The following states have enacted hunting, angling, and nature appreciation in school legislation using the language below:

  • Colorado §24-33-109.5: “There is hereby created in the office of the executive director the Colorado Kids Outdoors grant program to fund opportunities for Colorado youth to participate in outdoor activities in the state, including but not limited to programs that emphasize the environment and experiential, field-based learning.”
  • West Virginia §18-2-8a: “(2) The hunter safety orientation program is voluntary to students; (3) The hunter safety orientation program shall include instruction relating to: (A) The protection of lives and property against loss or damage as a result of the improper use of firearms; and (B) The proper use of firearms in hunting, sport competition, and the care and safety of firearms in the home; (4) The hunter safety orientation program may use materials prepared by any national nonprofit membership organization which has as one of its purposes the training of people in marksmanship and the safe handling and use of firearms; and (5) The hunter safety orientation program shall be conducted by an instructor employed or certified by the Division of Natural Resources or who has other training necessary to conduct the program as determined by the state board. (d) The Division of Natural Resources shall issue a certificate of training, required by §20-2-30a of this code, to any student who completes the hunter safety orientation program.”
  • Virginia §22.1-204.2: “Local school boards may provide after-school hunter safety education programs for students in the school division in grades seven through 12. Each student shall bear the cost of participating in such programs…”
  • New Mexico HJM 3: “Be it resolved by the legislature of the state of New Mexico that the importance of environmental education that contributes to the education, health and responsible behavior of New Mexicans be affirmed by the legislature; and be it further resolved that the governor be requested to declare a week in April ‘Environmental Education Week and to encourage all kindergarten through twelfth grade teachers to teach their students outdoors for at least one hour that week and encourage state agencies to celebrate environmental education through existing programs…
  • Louisiana HCR 65: “Urges and requests the Department of Wildlife and Fisheries to work with the Department of Education and the Louisiana School Boards Association to provide hunter education as a voluntary physical education elective in public high schools.”
  • Illinois H 3462: “A school district may offer its students a course on hunting safety as part of its curriculum during the school day or as part of an after-school program.

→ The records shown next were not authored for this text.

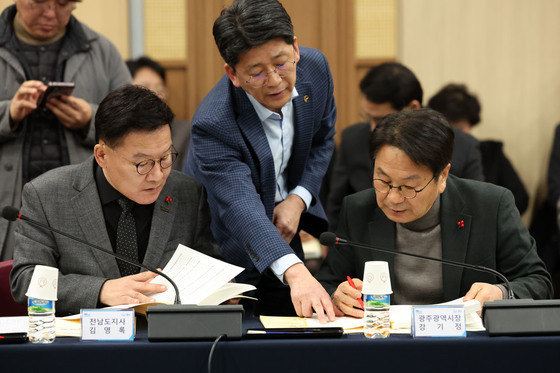 자료 살피는 강위원 추진단장과 강기정 광주시장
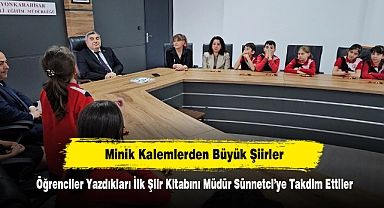 Minik Kalemlerden Büyük Şiirler! Öğrenciler Yazdıkları İlk Şiir Kitabını Müdür Sünnetci’ye Takdim Ettiler
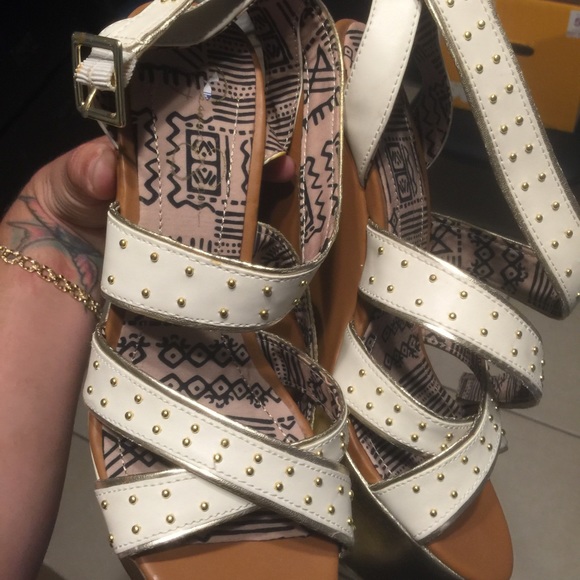 Jessica Simpson wedges
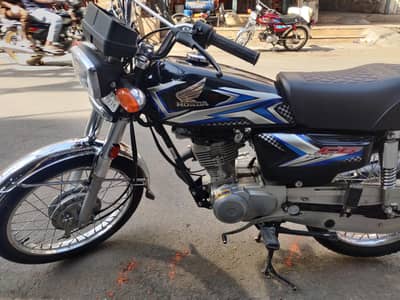 Honda 125 25 model Good condition Yamaha road prince Suzuki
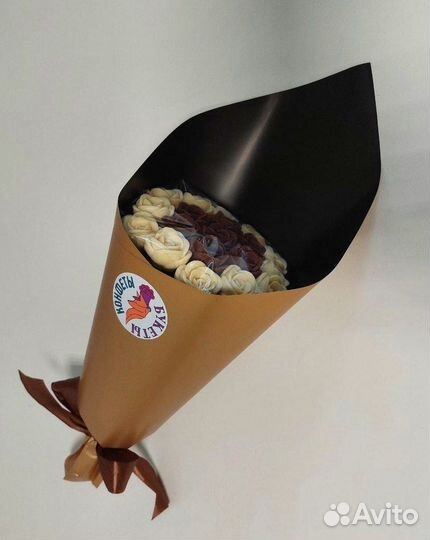 Букет из Белого и Молочного Шоколада - 19 Роз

The State Board of Education may prepare and make available to school boards resources on hunting safety that may be used as guidelines for the development of a course under this Section.”

Moving Forward

State legislatures should consider introducing legislation that offers hunting, angling, and nature appreciation in schools, or to offer a hunter’s education elective course. These programs work to recruit new hunters and anglers – something that will ultimately benefit the individual student and state conservation efforts because of the license fees and tax-generated monies.